Pictures are to be left out, and only the lines from the one with "Hyundai GRANDEUR 3.3" through the last line of the listing below are to be repeated exactly.

Data section →
========
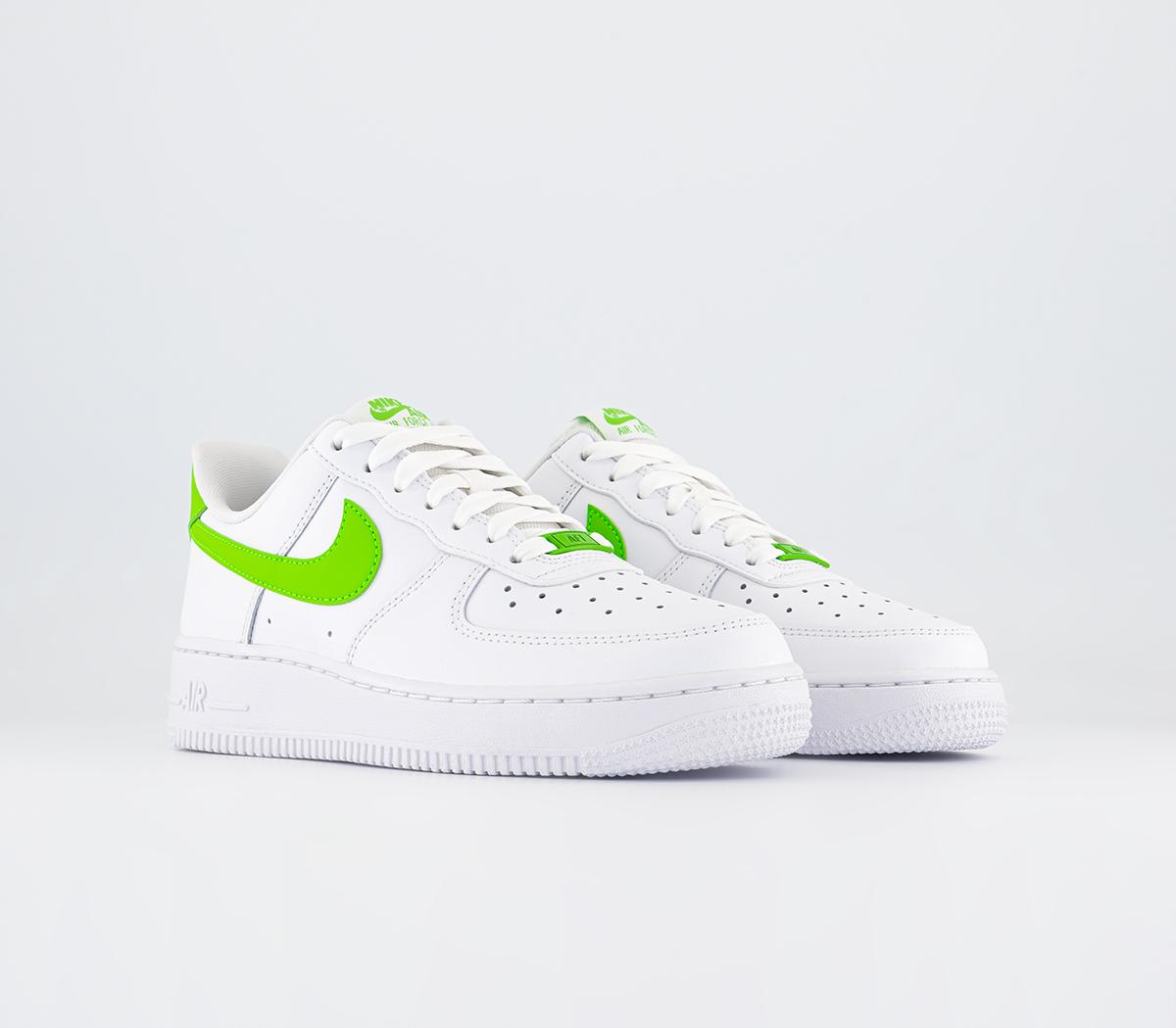 NikeAir Force 1 '07 Trainers White Action Green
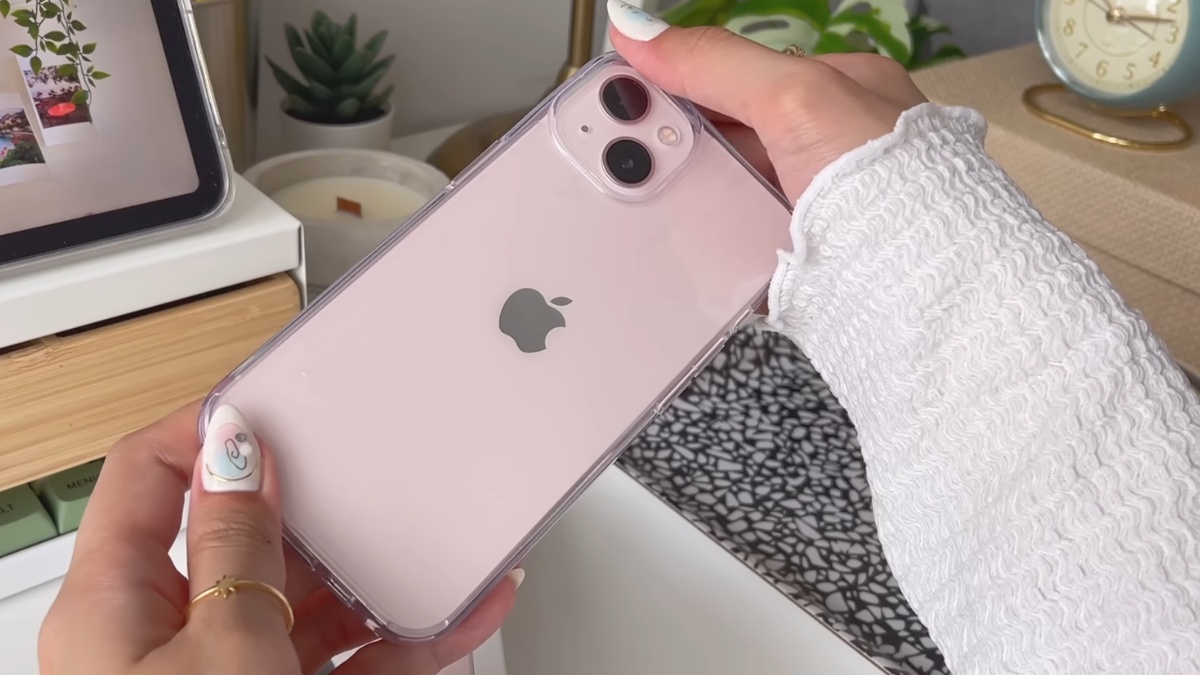 iPhone 13/13 Mini có màu hồng đầy ấn tượng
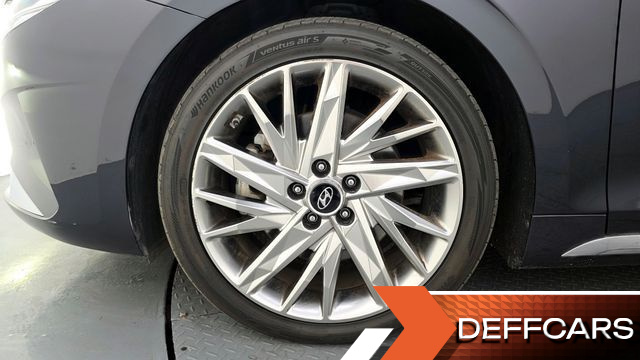 Hyundai GRANDEUR 3.3 Calligraphy купить на сайте DeffCars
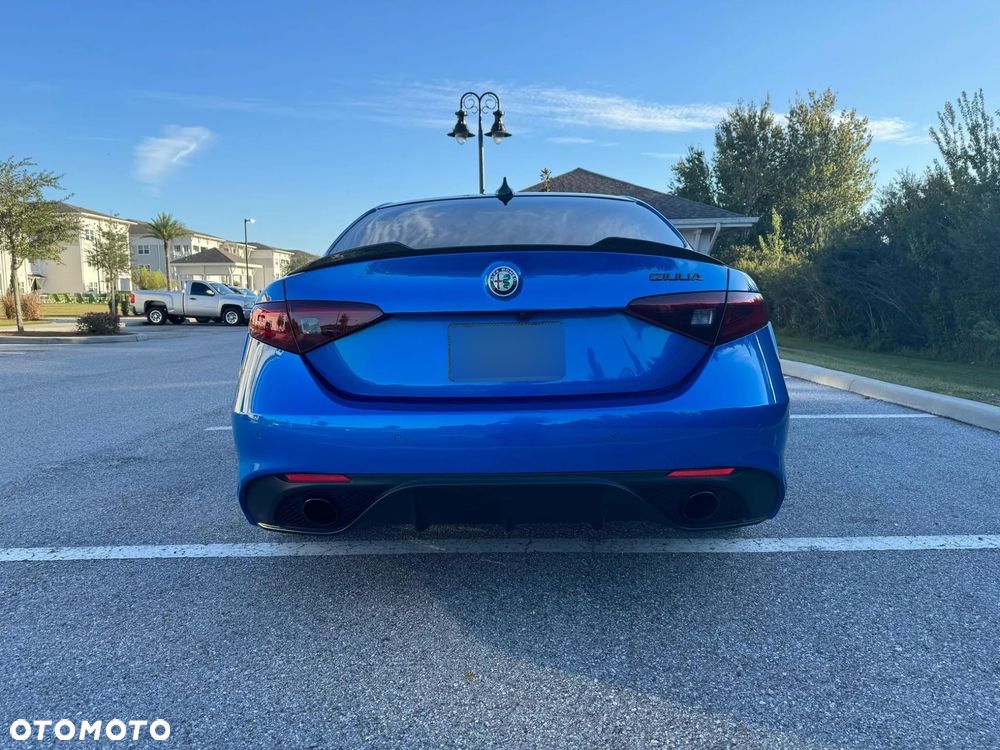 Alfa Romeo Giulia 2.0 Turbo 16V AT8-Q4 Veloce Ti - 4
========
Response to the exercise →
 Hyundai GRANDEUR 3.3 Calligraphy купить на сайте DeffCars
 Alfa Romeo Giulia 2.0 Turbo 16V AT8-Q4 Veloce Ti - 4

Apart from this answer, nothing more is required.